A trustee for the Appliance Trader Limited (ATL) group pension scheme has testified that ATL boss Gordon 'Butch' Stewart did not have the power to single-handedly prevent the 2007 distribution of its withdrawal surplus.
The testimony by Claudette McLeish, who is also the former financial controller for Stewart's holding company Gorstew Limited, came as the billion-dollar ATL pension fund fraud trial of three former executives resumed in the Corporate Area Resident Magistrate's Court yesterday.
McLeish was responding to questions from defence attorney K.D. Knight about an extract from the witness statement Stewart provided in which he claimed to have informed one of the accused, former chairman of the scheme, Patrick Lynch, "that my policy is not to distribute the surplus to the members' accounts".
"Could any one director of Gorstew have the power to prevent the distribution of the surplus to the members' accounts?" Knight questioned.
"No," McLeish replied.
"Well, Butch Stewart said that, so I want you to answer me this: Based on the trust deeds and rules [governing the pension scheme], did Mr Stewart, as a director, have the power to single-handedly prevent the surplus distribution?" Knight pressed.
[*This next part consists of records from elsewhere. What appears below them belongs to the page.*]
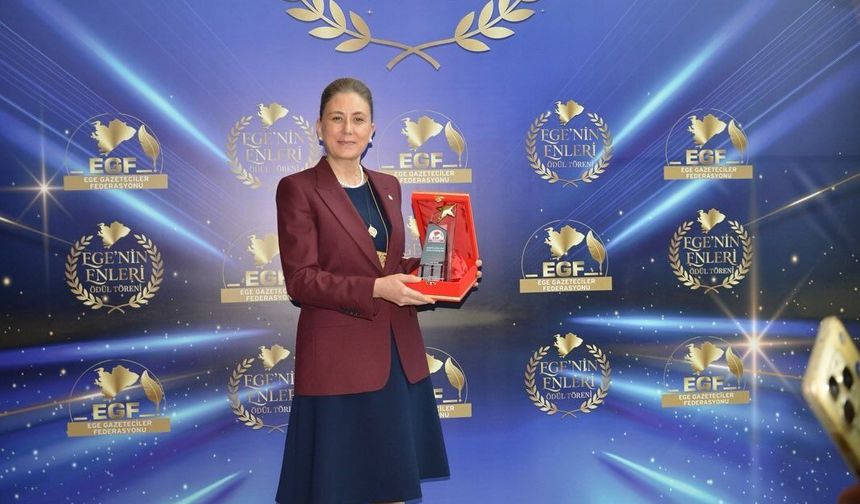 Nazilli’nin ilk kadın kaymakamı gönülleri fethetti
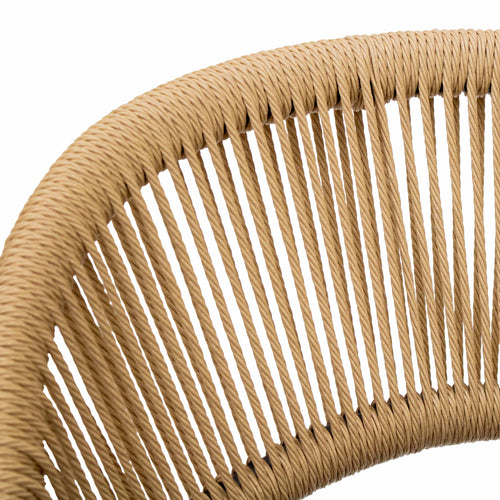 Kick tuinstoel Coco - Beige - vtwonen shop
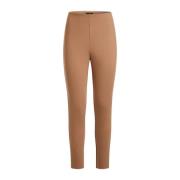 Stijlvolle Leggings voor Vrouwen Guess , Brown , Dames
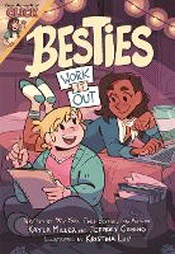 BESTIES WORK IT OUT GRAPHIC NOVEL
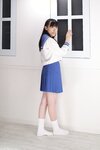 Naked Japanese Schoolgirl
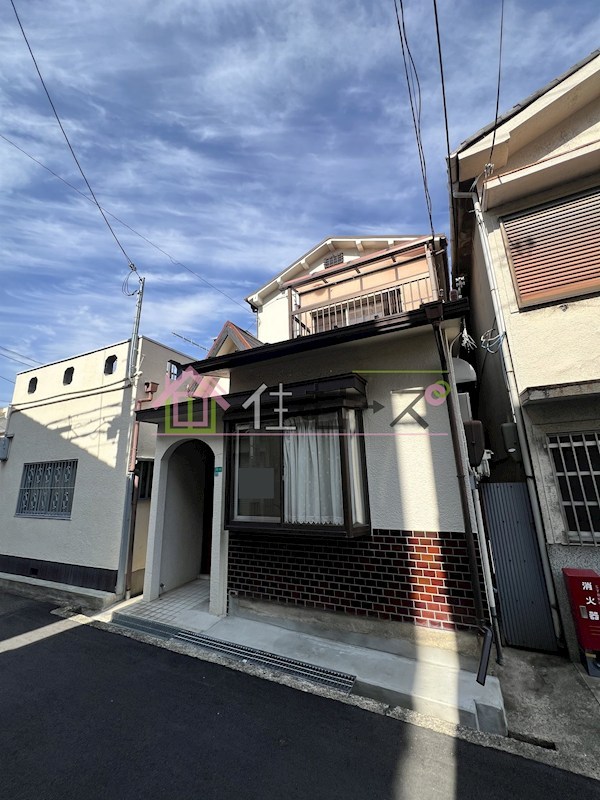 栗田貸家 その他外観1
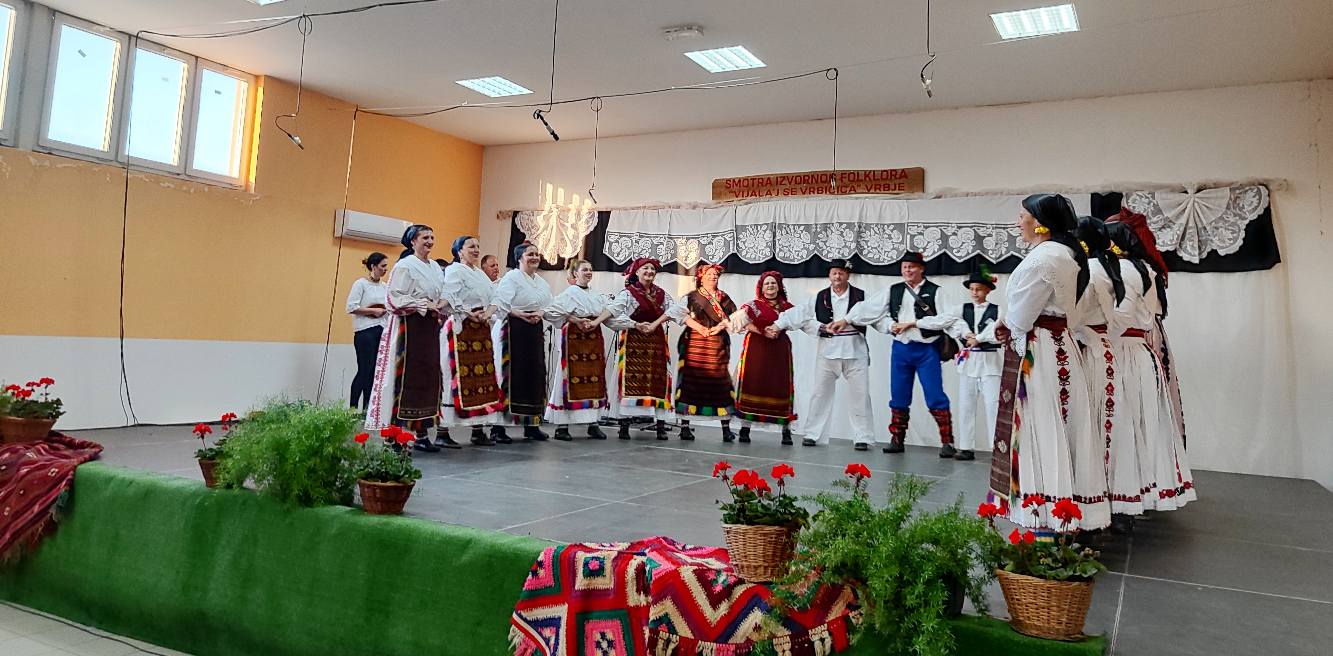 Rokovo, Smotra, novi dom? KUD Vrbje ima velike planove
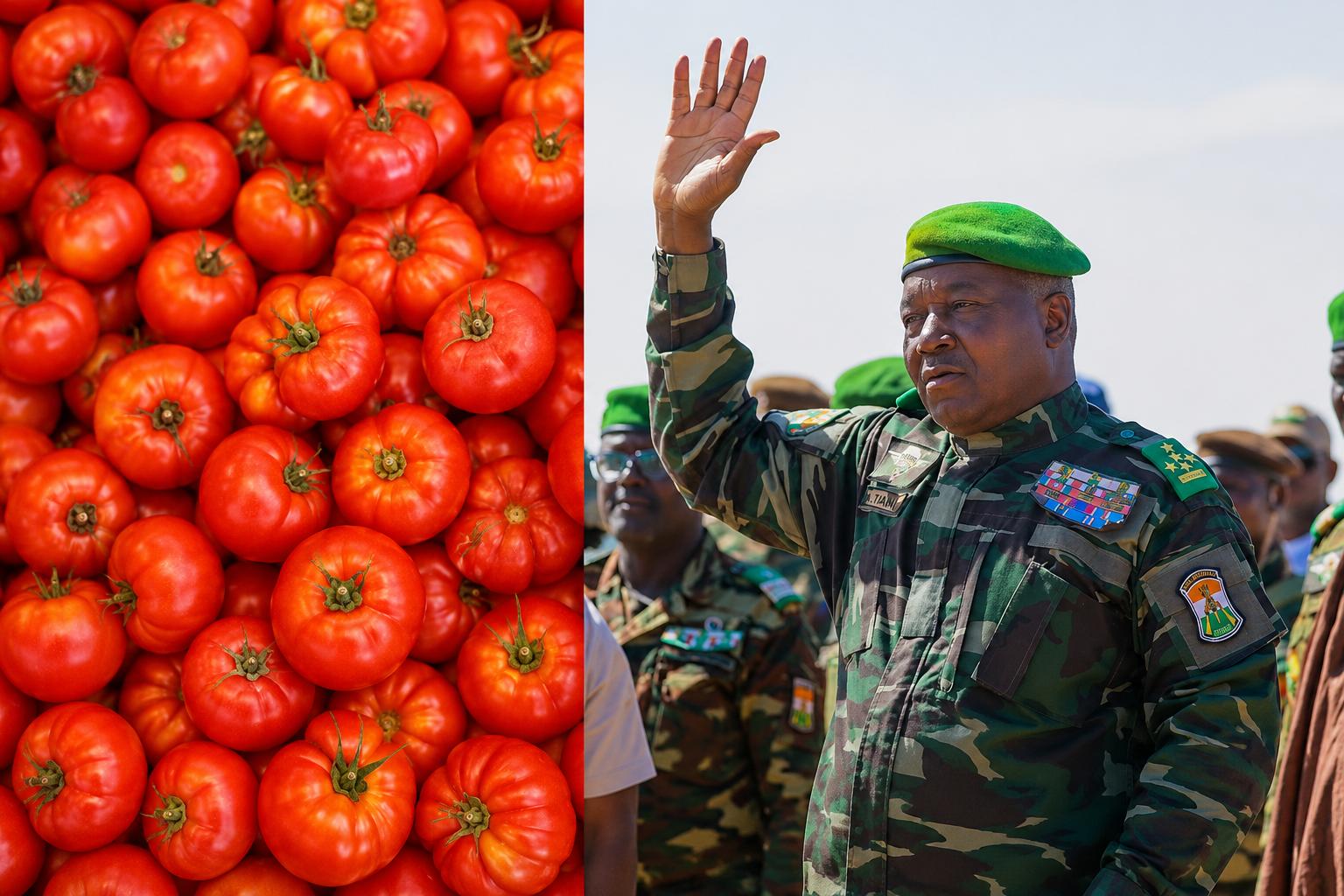 Tomates du Niger : un financement italien de 3 millions d&rsquo;euros qui interroge la souveraineté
"Not for the pension scheme," she replied.
Lynch, along with Catherine Barber, the former general manager of the pension scheme, and Dr Jeffrey Pyne, the former managing director of Gorstew Limited, are on trial for distributing $1.7 billion of net interest and withdrawal surpluses to members of the scheme without Gorstew's consent and allegedly using forged letters to deceive Stewart into believing that consent had been obtained.
Knight also questioned McLeish about a July 3, 2008, trustee board meeting she attended where it was decided that bonuses totalling $980.5 million would have been issued to the accounts of active members of the scheme while retaining $400 million as unallocated withdrawal surplus.
"At that time, did you know that it [the distribution] was subject to consent?" Knight asked.
"Yes," McLeish responded.
"Did you at any time seek to have the record state that this decision is subject to the consent of Gorstew?" he continued.
"I read the minutes at the next meeting," McLeish replied.
"And at the subsequent meeting, did you have it corrected to say that it should be recorded that the decision made was subject to the consent of Gorstew?" Knight pressed.
"No, sir," the former Gorstew financial controller responded.
McLeish also testified that between 2006 and 2010, with Lynch as chairman and Barber as the general manager, the ATL group pension scheme performed admirably and grew remarkably.
Knight will continue his cross-examination when the trial resumes today.